Le clan Faure craignait qu’un Cazeneuve à Matignon, ce soit l’assurance de l’avoir comme candidat à l’élection présidentielle. Or, le premier secrétaire veut être candidat en 2027 et même avant. "Si Macron part demain, il n’y aura pas d’union de la gauche, pas de primaires… Il faudra donc un candidat du PS", lui a dit un de ses amis au moment de la dissolution. Des plans sur la comète que les amis d’Olivier Faure narrent parfois à François Hollande, convaincus que les jours du chef de l’Etat sont comptés et qu’il fera tout pour empêcher la vieille maison rose de se remettre d’aplomb. Et l’ancien président de leur répliquer : "Arrêtez de croire que Macron ne pense qu’à vous torturer, il ne cherche qu’à durer jusqu’en 2027."

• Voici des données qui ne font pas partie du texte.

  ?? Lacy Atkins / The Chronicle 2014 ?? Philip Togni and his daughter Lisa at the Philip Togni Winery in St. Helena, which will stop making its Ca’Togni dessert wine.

Emmanuel Macron n’a nulle intention de démissionner, Jean-Luc Mélenchon comme Edouard Philippe en sont parfaitement conscients. Le premier guette même les nominations au conseil constitutionnel du premier trimestre 2025, redoutant un coup de Trafalgar alors que le président ne peut pas se présenter à un troisième mandat consécutif. Ce n’est pas un coup de blues qu’ils espèrent ou anticipent, mais un blocage institutionnel complet. Les deux hommes ne sont pas seuls dans cette communauté d’intérêts. Pour Marine Le Pen et Gabriel Attal aussi 2027, c’est loin. Le second ne veut pas se laisser dépasser par le Havrais, il veut aller vite, lorgne sur le parti Renaissance. Les partis, machines à campagne. Quant à Le Pen, elle ne sait pas vraiment ce qu’il adviendra de son jeune champion Jordan Bardella. On jure de sa fidélité mais sa popularité décolle, quitte à prendre le large ? Il y a toujours un avenir pour ceux qui pensent à l’avenir, disait François Mitterrand.